Lewis Hamilton’s first point-less event represented a new low in Mercedes’ difficult 2022 Formula 1 season as the Emilia Romagna Grand Prix provided the first evidence its title hopes may be beyond saving.
The low speed at which the onset of porpoising occurs on the Mercedes obliges it to be set up with a comparatively big rear ride height, which has the unenviable dual impact of costing downforce and adding drag.
This was compounded by other factors at a rain-hit Imola, where Hamilton and team-mate George Russell were knocked out in Q2 and spent the rest of the weekend out of position – although Russell recovered to finish fourth in the grand prix, aided by an excellent first lap in which he gained five places while Hamilton got stuck in the midfield.
Hamilton and Mercedes have not wanted to rule out competing for this year’s title and have focused on an optimistic outlook in the hope that unlocking their car’s potential sooner rather than later will transform their fortunes.
But after the sprint race at Imola Hamilton declared “we’re obviously not fighting for this championship”, which became even more emphatic after he finished 13th in Sunday’s grand prix.
“I mean, I’m out of the championship,” Hamilton said. “There’s no question about that.”
Even the usually optimistic Toto Wolff was left to conclude over the weekend that Mercedes has no business calling itself a title contender at the moment.
“It’s obvious that we are not anywhere near the fight at the front,” Wolff said on Saturday.
“And it would be pretty unrealistic to claim to have a slot among the frontrunners who are fighting for the championship.”
This weekend featured the first hints that Mercedes might not get its problems fixed in time to save its season and that sooner rather than later its intentions will need to turn to making sure it can at least recover in 2023.
Hamilton’s concern is that Mercedes will discover it has a problem that will take months to solve so while he is not giving up on 2022 he is reiterating the need to be realistic.
That includes a comment that Mercedes may need to “work hard to make sure we’re not in this position next year”.
At the start of this season, during the first test in Spain, Hamilton bluntly brushed aside a question about whether he feared Mercedes might get caught out by the major rules changes.
He asked in return why he would think that, declaring Mercedes does not make mistakes.
At Imola, Hamilton brought up that exchange unprompted. He said that, on reflection, Mercedes may well have made the wrong design choices.
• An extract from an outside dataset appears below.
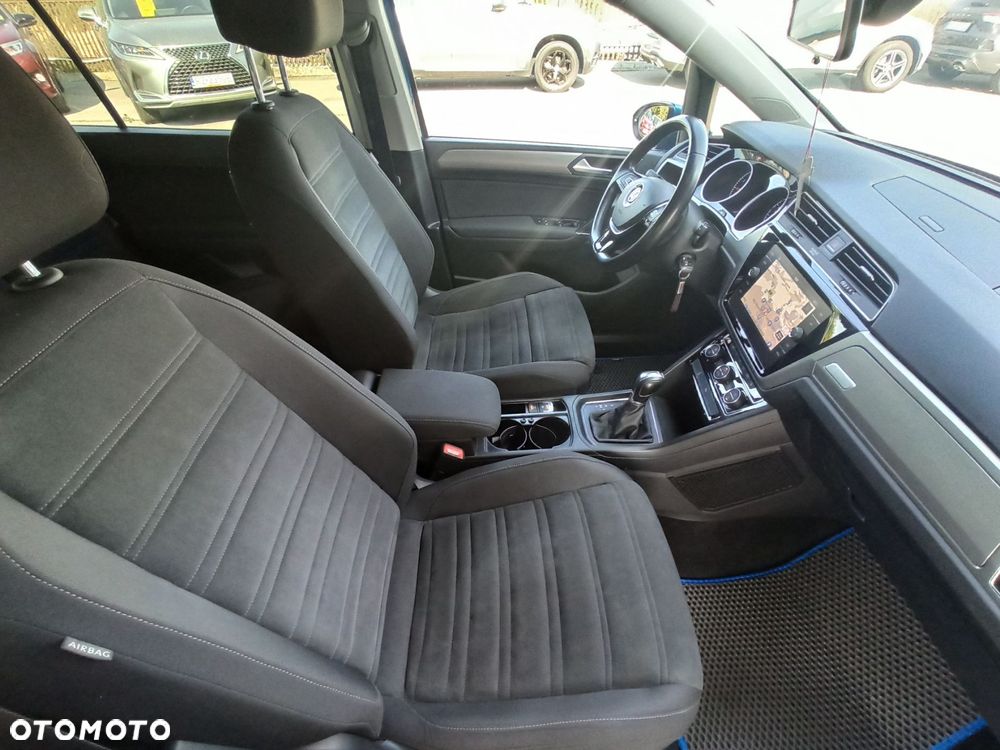 Volkswagen Touran - 11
“We’re doing the best we can with what we have,” said Hamilton.
“Ultimately, earlier on in the year, we were in Barcelona, a question was put to me, what happens if you get it wrong? And I said well we don’t do that. We’re world champions.
“But the fact is that with all the possibilities out there, we may have.”
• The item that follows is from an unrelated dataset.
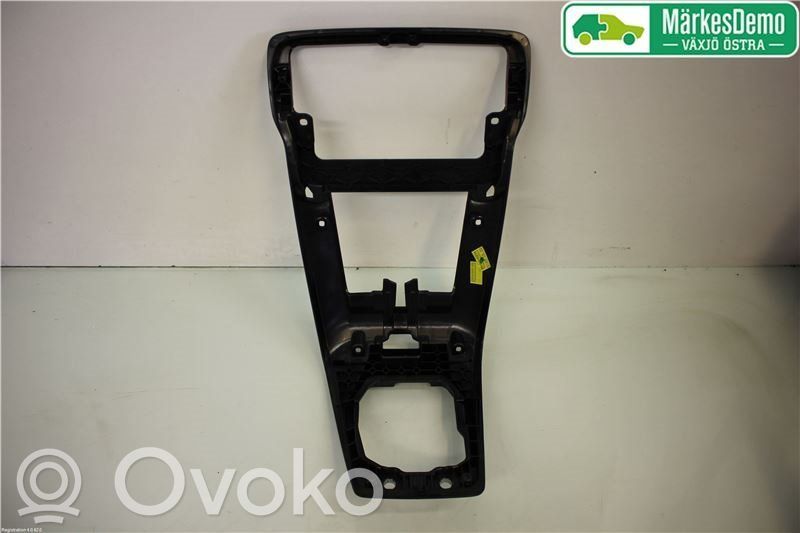 Volvo V40 Cross country Moldura del panel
Mercedes is desperately trying to work out what it can do to make the car work, in reality, the way it does in its simulations.
The floor is doing so much of the work with this generation of cars and is obviously where the porpoising issue stems from.
Hamilton suggested that Mercedes definitively determining that its concept is flawed would effectively be the next best thing because then it would at least be able to come up with an action plan.
Wolff is not willing to accept that the entire W13 concept is wrong, even if there might be something within the car that just doesn’t work with these regulations.
But he has said for the first time that Mercedes may need to decide to cut its losses sooner rather than later – which means deciding whether completely starting afresh has more potential.
Wolff said: “Cutting the losses, it would mean that you say ‘OK, where’s the baseline now? Is there a new baseline we can start upon where we believe that we can unlock more potential?’
“If we would have thought that, we would have done it five months ago.
“We believe that this is the development direction that we need to take. So it’s quite a tricky exercise to do.
“You can say, ‘OK cut the losses, switch to next year’ if you understand why you got it wrong. And at the moment we simply don’t.”
That is why Mercedes’ situation is so complicated.
The rules stay the same for next year, so Mercedes cannot abandon 2022 and put all its resources into developing a completely different 2023 car.
And if Mercedes continues to spend time and money on this concept and can fix its problems, that will pay off longer-term anyway because the car will stay broadly the same.
The bottom line is Mercedes still needs to understand what’s gone wrong with this design.
Only then will it be able to work out if a major change is needed, or if it can stick with the development path it has been plotting for several months.
“We very much believe that the science we are putting in at the moment will help us to in effect run the car lower, where we believe we have all the aerodynamic goodness but we haven’t been able to unlock that because of the bottoming of the car,” said Wolff.
“If we are able to get on top of that it means there is quite some lap time we can find.
“If not, we need to have another idea.”
There remains a belief within Mercedes that the core W13 concept is a valid one and it can still become a successful car.
The question is not just whether that is the case, but whether it can happen this season at all.
If not, then Mercedes’ attention will need to turn to 2023. And Hamilton says it will have a “painful” year in the meantime.